7. British Sea Power
Lately

Juli 2003: Im Irak suchte man nach Saddam, und ich suchte nach einer Möglichkeit, dem Prüfungs-Streß zu entfliehen. Zum Glück kamen die Thrills, und ich saß plötzlich in der Zeitmaschine Richtung Malibu Beach, 1969. Pool-Parties, Cocktails und Bikini-Girls, wie im Clip zur Strand-Hymne "Big sur". California dreaming ahoi! Westcoast-Pop für die Zeit zwischen Sonnenauf- und -untergang - The Thrills machten alles richtig. "Don't steal our sun" heißt ein Song. Gibt's ein besseres Motto?

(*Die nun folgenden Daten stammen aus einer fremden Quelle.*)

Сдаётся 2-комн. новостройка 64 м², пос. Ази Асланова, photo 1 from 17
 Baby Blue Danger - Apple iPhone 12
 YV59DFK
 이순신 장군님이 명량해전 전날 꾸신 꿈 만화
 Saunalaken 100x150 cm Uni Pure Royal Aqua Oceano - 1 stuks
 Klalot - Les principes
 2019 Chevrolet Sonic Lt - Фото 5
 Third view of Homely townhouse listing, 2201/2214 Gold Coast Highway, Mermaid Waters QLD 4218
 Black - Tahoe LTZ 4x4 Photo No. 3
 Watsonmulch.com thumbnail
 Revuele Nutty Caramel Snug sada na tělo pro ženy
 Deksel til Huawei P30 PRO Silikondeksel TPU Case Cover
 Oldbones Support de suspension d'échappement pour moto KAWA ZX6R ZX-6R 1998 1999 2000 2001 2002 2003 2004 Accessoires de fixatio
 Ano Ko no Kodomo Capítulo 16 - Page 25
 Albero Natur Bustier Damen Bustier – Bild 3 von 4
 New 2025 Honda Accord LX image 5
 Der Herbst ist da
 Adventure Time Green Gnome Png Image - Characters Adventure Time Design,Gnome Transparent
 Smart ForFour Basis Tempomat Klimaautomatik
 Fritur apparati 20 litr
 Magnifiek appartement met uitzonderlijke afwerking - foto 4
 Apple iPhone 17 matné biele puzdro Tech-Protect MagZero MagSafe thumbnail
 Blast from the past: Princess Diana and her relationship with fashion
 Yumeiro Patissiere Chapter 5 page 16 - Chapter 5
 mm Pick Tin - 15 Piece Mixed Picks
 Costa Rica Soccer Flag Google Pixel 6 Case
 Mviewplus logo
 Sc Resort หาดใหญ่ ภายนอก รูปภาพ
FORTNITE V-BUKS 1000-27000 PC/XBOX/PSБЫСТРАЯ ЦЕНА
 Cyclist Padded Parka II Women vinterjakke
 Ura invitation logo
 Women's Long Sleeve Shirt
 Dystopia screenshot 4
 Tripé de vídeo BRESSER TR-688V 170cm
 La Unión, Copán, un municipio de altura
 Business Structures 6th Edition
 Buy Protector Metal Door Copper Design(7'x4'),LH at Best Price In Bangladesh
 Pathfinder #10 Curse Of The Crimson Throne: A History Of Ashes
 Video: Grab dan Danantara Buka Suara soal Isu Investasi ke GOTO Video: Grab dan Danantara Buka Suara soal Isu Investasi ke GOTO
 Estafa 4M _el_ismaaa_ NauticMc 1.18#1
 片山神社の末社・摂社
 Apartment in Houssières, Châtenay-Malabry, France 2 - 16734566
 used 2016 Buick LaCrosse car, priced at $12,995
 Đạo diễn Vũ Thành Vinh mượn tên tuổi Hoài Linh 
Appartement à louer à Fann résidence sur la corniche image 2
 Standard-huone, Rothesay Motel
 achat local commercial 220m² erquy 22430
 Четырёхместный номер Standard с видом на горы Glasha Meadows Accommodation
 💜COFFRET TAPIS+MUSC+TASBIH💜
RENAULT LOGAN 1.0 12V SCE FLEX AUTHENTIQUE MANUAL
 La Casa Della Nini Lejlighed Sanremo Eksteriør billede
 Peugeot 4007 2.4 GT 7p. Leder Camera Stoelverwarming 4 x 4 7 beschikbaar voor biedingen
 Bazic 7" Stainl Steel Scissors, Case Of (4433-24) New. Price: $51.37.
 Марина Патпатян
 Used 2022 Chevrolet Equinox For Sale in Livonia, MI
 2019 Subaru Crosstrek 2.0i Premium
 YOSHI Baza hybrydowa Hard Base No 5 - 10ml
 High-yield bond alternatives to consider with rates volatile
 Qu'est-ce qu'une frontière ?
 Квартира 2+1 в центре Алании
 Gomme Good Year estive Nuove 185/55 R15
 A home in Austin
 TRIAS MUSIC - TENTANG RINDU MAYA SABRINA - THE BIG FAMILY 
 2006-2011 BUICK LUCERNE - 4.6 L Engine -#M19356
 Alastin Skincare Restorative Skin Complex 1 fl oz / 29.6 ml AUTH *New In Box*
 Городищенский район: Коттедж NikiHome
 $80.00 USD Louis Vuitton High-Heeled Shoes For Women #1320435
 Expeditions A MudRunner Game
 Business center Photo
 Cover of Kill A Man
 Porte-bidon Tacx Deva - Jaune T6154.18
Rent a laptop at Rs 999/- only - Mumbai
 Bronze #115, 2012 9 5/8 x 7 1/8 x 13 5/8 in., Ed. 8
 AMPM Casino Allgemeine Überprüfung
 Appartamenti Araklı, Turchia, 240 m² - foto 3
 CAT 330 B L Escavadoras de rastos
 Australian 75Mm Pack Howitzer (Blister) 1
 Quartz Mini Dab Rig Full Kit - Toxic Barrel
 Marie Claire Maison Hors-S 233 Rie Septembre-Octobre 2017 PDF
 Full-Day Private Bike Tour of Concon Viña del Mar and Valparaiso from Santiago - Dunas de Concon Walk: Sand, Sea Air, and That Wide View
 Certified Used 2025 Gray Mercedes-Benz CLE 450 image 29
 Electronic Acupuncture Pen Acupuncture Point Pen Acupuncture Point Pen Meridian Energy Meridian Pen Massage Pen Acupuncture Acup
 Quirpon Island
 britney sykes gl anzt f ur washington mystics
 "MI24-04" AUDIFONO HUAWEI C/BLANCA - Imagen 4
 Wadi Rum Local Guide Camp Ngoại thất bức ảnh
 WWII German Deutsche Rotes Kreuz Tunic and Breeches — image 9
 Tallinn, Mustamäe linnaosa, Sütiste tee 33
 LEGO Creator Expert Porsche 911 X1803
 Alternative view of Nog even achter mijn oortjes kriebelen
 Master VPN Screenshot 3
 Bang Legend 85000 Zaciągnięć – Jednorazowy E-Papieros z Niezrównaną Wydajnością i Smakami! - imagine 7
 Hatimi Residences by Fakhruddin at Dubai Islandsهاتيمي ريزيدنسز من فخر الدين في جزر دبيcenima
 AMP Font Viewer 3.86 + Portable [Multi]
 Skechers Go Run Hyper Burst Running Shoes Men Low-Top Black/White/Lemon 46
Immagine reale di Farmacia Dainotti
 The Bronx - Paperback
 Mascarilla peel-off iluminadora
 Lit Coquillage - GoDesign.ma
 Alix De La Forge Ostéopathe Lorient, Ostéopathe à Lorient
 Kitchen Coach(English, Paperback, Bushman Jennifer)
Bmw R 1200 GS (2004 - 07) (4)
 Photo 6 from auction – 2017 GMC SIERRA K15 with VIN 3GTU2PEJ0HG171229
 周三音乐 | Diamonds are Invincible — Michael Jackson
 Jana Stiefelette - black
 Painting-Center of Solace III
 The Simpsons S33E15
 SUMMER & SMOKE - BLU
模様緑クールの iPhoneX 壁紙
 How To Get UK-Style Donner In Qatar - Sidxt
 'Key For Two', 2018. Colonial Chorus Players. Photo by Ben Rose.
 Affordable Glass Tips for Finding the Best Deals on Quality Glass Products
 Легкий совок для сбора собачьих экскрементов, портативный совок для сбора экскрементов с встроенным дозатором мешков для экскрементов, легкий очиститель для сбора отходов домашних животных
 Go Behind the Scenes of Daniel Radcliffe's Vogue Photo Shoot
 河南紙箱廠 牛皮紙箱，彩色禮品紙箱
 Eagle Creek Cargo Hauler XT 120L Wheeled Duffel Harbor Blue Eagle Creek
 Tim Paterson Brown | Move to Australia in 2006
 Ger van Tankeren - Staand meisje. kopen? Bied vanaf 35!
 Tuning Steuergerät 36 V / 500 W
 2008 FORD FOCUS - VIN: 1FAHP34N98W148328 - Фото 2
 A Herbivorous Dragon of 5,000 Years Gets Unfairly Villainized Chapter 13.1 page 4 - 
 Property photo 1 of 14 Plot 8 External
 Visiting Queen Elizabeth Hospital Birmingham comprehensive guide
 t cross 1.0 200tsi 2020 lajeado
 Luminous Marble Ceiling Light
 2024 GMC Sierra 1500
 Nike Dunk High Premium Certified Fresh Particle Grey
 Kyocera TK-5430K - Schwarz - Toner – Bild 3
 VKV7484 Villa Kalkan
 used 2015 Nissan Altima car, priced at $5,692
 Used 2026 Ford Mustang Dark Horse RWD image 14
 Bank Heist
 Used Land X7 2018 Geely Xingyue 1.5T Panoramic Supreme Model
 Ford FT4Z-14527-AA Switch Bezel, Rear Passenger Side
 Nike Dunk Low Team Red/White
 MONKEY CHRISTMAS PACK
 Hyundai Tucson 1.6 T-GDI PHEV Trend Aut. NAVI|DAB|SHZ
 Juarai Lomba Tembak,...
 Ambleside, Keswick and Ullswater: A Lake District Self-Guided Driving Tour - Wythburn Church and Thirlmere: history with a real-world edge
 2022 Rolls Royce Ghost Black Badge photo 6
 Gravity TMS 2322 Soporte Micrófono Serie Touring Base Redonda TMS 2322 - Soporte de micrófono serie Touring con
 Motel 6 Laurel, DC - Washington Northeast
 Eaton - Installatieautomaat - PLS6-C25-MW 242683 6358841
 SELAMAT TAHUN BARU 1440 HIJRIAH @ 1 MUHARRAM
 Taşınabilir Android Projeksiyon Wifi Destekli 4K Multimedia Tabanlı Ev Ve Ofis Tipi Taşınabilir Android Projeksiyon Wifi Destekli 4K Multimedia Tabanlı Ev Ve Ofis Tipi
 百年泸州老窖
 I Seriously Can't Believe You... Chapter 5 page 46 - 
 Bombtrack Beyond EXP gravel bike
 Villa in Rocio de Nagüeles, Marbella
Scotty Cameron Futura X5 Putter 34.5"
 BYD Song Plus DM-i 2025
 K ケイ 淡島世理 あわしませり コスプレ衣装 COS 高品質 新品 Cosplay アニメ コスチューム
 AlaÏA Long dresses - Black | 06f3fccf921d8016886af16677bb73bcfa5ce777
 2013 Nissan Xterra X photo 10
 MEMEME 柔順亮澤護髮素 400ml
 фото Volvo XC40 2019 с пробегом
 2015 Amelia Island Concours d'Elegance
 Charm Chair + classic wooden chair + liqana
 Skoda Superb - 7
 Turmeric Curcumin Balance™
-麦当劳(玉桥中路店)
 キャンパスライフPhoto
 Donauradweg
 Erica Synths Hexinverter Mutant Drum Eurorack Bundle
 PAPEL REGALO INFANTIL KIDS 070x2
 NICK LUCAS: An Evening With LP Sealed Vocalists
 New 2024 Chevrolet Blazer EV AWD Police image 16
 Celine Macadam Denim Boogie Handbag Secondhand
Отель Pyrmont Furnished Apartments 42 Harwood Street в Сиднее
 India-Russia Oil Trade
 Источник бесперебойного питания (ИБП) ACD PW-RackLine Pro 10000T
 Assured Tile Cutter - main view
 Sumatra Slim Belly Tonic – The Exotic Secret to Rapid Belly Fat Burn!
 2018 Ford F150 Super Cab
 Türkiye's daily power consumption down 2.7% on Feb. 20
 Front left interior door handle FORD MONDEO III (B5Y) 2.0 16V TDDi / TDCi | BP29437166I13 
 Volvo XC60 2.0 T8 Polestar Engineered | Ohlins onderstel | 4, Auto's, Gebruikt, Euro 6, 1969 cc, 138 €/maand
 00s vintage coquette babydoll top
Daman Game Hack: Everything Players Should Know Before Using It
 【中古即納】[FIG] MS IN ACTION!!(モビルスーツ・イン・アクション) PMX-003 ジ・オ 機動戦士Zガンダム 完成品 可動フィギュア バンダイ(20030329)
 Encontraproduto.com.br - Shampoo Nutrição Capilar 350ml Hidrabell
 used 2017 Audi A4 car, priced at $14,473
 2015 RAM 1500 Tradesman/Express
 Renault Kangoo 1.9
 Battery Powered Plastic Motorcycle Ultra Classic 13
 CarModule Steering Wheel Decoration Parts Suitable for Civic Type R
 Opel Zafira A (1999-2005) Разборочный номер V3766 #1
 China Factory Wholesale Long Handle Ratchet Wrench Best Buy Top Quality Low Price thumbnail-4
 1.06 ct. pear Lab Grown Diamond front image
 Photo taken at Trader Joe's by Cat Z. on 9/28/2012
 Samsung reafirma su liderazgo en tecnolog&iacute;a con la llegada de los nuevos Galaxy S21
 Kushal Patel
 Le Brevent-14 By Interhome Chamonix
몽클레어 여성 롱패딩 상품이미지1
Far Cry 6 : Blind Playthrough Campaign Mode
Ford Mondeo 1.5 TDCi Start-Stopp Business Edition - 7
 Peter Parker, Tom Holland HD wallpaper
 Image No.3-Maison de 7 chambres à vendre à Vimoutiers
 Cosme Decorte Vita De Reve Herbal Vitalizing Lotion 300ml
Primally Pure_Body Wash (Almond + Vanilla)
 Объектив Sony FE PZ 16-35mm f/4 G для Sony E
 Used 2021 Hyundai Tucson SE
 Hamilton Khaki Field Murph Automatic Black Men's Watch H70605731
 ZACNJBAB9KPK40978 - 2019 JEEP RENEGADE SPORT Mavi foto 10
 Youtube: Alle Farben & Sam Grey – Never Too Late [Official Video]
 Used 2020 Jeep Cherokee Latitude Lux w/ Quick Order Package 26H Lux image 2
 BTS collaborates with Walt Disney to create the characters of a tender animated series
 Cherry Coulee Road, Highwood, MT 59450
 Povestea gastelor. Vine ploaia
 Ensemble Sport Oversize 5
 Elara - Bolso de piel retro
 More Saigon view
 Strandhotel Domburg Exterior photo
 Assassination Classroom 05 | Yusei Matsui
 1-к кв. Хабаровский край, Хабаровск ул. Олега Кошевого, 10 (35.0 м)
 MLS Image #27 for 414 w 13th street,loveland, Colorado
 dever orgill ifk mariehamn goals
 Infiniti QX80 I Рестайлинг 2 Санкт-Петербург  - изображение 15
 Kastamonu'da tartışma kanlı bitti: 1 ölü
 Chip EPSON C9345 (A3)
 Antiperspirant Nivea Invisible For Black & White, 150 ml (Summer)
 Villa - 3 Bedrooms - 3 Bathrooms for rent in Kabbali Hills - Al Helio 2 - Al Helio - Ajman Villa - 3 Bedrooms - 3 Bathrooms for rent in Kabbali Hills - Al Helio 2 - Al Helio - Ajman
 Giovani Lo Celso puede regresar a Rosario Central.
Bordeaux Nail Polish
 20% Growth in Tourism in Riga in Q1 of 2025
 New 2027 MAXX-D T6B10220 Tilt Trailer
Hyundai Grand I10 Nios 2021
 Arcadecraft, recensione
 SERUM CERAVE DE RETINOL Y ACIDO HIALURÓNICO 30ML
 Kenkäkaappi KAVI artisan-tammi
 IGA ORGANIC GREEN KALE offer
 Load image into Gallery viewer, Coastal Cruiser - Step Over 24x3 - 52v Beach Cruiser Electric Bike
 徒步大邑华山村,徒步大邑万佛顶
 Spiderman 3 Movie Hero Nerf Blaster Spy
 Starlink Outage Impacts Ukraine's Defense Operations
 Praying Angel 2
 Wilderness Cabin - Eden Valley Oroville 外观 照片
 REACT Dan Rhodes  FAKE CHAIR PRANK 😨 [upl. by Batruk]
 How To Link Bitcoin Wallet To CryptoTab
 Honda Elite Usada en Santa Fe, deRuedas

Aus diesem Lied hätte ein ganzes Album werden können. Gitarre, Baß, Schlagzeug, Klavier. Ein Song als die Summe der einzelnen Teile. British Sea Power leisten Anschauungsunterricht, präsentieren uns unwissenenden Hörern zunächst fragmentarisch ihr Meisterwerk "Lately" in allen Passagen und bauen daraus einen Song auf, der nach knapp vierzehn Minuten jegliche Aggregatzustände des Gefühls durchlaufen hat. Was bleibt? Schwitzen, Zittern, Staunen.

(Christof Nikolai) (Sebastian Peters)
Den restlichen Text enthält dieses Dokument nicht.